Bleaching agents which have been used to manufacture chlorine-free paper include ozone, oxygen and hydrogen peroxide. However, all these bleaching agents have disadvantages, such as insufficient delignification, insufficient brightness of the bleached cellulose and/or cost-intensive and/or dangerous production methods.
The use of caroate/Caro's acid (peroxymonosulphuric acid, H2SO5) as a bleaching agent for the bleaching and delignification of cellulose has also been suggested, especially for the chlorine-free bleaching of fine paper required to have a brightness level of 89 on the ISO scale. A disadvantage of using caroate/Caro's acid as bleaching agent, however, is the tedious process required to obtain the pure salt as a crystalline product. Pure Caro's acid, moreover, is an extremely corrosive substance, which makes storage and transport difficult.
The U.S. Pat. No. 5,366,593 describes a method of bleaching lignocellulose-containing material, in which, as reactants, the oxygen donor monoperoxy-sulphate and a ketone are used to form a water-soluble dioxirane on-site, which then acts as a bleach. The direct use of caroate/Caro's acid is not considered.
The U.S. Pat.
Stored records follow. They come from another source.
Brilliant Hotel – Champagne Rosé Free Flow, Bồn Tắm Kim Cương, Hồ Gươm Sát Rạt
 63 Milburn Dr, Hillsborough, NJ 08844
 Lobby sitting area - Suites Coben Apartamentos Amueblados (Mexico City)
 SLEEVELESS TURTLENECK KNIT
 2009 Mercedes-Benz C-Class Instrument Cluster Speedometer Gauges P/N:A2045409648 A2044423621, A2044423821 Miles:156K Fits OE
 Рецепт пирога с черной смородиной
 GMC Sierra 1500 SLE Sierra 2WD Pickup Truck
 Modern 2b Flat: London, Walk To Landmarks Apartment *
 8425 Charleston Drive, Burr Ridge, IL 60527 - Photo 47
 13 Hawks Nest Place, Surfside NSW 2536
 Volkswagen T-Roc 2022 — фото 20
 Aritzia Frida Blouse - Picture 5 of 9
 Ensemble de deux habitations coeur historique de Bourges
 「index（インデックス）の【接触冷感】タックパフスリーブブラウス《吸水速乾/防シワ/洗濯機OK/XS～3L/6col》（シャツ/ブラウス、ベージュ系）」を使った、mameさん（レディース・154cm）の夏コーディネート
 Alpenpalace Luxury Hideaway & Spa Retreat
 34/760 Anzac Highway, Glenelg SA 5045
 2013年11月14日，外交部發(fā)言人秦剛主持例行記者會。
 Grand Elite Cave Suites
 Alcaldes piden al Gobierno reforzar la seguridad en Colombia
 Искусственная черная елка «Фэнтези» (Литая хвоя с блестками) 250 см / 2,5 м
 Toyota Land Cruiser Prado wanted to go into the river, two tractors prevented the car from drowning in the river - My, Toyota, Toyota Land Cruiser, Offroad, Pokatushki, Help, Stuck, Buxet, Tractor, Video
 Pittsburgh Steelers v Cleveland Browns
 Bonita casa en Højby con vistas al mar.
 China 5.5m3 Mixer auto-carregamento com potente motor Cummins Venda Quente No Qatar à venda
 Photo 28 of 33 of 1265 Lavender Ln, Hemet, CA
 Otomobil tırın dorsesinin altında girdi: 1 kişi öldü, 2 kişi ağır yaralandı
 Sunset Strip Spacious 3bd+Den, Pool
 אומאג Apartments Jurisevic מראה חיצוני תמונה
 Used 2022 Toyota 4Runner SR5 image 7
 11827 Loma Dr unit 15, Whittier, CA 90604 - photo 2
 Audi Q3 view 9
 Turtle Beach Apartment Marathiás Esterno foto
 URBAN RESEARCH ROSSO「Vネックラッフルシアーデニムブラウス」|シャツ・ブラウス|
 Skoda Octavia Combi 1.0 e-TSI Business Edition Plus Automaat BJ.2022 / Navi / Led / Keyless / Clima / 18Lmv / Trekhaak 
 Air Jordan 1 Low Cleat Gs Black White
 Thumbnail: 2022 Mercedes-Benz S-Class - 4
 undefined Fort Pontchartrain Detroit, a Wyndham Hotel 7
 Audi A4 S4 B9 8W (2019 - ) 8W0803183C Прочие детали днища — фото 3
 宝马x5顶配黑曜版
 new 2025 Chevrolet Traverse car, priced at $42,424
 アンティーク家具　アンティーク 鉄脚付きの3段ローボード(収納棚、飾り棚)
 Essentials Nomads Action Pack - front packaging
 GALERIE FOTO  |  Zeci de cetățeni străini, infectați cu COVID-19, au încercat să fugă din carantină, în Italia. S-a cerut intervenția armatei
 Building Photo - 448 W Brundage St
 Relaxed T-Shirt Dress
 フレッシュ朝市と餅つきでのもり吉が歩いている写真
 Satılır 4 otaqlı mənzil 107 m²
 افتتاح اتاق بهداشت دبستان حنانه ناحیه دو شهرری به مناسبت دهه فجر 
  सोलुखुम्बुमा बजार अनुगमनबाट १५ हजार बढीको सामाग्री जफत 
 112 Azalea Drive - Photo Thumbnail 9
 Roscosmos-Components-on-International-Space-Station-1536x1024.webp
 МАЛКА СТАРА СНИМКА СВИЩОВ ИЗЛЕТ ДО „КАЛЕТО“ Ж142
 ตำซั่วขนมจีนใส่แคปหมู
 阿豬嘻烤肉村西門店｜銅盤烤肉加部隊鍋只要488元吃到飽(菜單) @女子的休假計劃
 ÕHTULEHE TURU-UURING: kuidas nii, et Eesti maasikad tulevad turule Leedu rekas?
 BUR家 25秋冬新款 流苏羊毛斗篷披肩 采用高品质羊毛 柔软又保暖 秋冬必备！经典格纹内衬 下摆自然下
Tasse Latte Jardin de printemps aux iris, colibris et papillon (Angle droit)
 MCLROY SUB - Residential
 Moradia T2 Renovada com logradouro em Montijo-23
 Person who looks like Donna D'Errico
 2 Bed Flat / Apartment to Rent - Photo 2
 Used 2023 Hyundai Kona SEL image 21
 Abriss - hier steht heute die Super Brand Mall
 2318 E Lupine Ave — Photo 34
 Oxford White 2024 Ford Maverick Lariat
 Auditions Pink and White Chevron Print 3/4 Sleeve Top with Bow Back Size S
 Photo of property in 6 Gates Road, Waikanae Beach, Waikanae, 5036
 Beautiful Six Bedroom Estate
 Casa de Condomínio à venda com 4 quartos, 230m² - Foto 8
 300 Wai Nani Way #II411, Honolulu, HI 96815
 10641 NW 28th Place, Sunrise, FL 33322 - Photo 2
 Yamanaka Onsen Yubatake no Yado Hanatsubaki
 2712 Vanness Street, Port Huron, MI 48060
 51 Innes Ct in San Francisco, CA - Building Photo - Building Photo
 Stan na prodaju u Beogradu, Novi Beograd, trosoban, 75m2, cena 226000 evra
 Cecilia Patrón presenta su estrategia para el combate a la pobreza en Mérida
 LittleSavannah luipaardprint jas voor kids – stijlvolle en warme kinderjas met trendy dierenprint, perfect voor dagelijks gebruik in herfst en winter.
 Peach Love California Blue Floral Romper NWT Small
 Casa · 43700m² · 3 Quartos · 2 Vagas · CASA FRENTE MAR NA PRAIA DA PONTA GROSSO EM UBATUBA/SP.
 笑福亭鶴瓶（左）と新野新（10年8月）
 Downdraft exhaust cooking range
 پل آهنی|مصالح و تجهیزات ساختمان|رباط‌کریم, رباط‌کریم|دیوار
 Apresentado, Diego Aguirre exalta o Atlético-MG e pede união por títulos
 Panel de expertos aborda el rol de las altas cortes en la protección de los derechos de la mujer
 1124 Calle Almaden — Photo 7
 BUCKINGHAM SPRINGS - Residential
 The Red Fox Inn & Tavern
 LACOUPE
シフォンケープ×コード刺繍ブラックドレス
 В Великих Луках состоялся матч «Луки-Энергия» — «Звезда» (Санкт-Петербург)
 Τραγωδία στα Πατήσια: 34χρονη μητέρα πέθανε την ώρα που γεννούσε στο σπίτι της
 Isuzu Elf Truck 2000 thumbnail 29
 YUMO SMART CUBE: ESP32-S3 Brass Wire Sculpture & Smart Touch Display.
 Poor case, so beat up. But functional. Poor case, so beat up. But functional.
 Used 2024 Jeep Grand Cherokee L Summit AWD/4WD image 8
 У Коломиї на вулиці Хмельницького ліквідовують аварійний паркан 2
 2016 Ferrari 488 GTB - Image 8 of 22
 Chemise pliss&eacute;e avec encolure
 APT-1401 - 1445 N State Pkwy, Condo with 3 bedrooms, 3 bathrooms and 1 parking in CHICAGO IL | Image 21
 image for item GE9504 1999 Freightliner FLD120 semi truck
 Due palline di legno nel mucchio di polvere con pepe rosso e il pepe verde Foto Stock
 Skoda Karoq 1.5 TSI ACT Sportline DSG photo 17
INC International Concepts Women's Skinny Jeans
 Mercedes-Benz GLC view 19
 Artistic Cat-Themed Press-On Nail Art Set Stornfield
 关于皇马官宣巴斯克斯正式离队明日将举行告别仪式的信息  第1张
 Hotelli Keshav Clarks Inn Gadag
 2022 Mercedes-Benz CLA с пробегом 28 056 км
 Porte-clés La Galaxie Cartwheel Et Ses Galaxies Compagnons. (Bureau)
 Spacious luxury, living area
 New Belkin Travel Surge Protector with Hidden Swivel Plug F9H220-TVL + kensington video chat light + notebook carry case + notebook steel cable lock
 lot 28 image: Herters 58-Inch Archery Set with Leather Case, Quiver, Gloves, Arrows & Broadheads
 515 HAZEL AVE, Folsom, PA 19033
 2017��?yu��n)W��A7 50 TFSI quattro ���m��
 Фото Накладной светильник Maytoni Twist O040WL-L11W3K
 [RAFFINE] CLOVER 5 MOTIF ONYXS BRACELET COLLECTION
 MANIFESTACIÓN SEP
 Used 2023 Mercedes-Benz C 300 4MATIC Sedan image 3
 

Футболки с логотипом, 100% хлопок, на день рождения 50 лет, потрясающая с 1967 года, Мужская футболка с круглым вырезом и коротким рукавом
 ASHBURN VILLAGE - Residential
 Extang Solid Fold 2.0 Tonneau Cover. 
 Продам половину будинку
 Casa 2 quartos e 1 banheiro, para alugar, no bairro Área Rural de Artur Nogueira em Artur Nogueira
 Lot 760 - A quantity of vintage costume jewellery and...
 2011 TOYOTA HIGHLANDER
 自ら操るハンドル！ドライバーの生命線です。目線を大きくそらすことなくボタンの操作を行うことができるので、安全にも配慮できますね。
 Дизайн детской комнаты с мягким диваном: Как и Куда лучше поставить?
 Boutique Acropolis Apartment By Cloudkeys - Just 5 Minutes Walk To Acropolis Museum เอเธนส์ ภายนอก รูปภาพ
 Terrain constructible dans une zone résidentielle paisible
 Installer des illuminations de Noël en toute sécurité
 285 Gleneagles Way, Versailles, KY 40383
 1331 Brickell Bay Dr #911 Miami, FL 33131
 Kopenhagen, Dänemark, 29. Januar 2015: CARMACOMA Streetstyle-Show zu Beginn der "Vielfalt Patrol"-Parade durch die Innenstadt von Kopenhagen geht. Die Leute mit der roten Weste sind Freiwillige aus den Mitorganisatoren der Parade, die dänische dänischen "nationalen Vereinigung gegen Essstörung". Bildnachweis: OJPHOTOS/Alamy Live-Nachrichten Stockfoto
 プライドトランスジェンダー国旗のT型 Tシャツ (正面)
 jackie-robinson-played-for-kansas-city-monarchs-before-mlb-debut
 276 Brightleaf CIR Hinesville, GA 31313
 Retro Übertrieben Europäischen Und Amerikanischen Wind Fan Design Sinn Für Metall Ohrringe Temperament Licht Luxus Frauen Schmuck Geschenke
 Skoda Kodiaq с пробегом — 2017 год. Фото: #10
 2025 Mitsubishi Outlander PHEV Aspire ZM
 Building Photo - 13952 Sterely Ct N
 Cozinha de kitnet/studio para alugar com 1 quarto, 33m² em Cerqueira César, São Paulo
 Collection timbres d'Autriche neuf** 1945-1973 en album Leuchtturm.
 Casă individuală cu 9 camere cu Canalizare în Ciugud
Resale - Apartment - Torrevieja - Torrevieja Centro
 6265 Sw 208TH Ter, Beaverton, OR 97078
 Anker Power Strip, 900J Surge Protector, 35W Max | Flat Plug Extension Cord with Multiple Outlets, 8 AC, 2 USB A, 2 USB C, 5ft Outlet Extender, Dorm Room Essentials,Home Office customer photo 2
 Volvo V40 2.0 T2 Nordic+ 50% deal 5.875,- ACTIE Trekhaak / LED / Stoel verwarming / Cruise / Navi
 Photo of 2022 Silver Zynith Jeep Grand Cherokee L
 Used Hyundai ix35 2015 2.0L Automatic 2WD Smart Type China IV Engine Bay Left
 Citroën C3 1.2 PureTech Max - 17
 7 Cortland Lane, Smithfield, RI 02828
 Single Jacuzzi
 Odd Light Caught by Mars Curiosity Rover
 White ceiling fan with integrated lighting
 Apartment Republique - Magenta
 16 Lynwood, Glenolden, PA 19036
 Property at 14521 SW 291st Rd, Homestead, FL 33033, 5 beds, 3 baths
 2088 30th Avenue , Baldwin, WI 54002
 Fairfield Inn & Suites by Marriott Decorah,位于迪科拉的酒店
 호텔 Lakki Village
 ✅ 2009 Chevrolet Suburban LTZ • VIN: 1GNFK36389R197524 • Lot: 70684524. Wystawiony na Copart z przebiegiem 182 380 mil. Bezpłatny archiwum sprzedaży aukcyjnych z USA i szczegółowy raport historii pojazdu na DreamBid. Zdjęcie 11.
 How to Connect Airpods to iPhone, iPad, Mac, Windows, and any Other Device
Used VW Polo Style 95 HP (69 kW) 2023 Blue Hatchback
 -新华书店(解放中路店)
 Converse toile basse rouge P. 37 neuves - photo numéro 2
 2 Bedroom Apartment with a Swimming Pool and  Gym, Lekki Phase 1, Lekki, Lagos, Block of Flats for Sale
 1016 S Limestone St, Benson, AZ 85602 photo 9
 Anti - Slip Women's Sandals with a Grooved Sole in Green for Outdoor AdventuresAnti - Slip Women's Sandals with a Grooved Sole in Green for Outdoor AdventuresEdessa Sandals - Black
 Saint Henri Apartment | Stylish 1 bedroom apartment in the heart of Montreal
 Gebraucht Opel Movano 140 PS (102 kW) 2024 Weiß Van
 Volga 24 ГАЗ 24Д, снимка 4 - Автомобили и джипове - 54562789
No. 4,144,144 describes the production of sodium peroxydisulphate in an electrolytic cell, where the current efficiency can be increased by a suitable choice of anolyte.
The EP-A-O 415 149 A2 describes a method of bleaching and delignifying lignocellulose materials using peroxymonosulphuric acid and/or salts thereof in combination with oxygen and/or a peroxide. The peroxymonosulphuric acid is used in the form of its salt, or is obtained by reacting hydrogen peroxide with concentrated sulphuric acid. A similar process, in which peroxymonosulphuric acid is produced by reacting hydrogen peroxide and sulphuric acid, is also described by B. Amini et al. in Tappi Journal, Vol. 78, No. 10 (1995), 121-133.
The U.S. Pat. No. 4,049,786 describes a method of producing peroxymonosulphate by rapid hydrolysis of a peroxydisulphate with concentrated sulphuric acid, where active oxygen loss during hydrolysis can be suppressed by a suitable choice of reaction temperature.
WO-A-94/05851 describes a method of bleaching lignocellulose-containing pulp using peroxydisulphate.
The object of this invention was thus to provide a method with which the beneficial bleaching and delignification effects of Caro's acid/caroate can be exploited and, at the same time, the difficulties connected with the production of pure Caro's acid/caroate overcome and the danger of corrosion in storage and transport devices avoided.
This object is established according to the invention by a method of bleaching and/or delignifying cellulose, especially paper, in which
(a) a sodium hydroxide solution and a peroxydisulphate solution are first of all produced by electrolysis of a sulphate,
(b) the peroxydisulphate solution is converted by hydrolysis into Caro's acid/caroate solution,
(c) said Caro's acid/caroate solution is left to cool and
(d) used immediately as a bleaching solution for bleaching and/or delignifying cellulose, especially paper, the Caro's acid/caroate solution becoming neutralised upon introduction into the bleaching solution.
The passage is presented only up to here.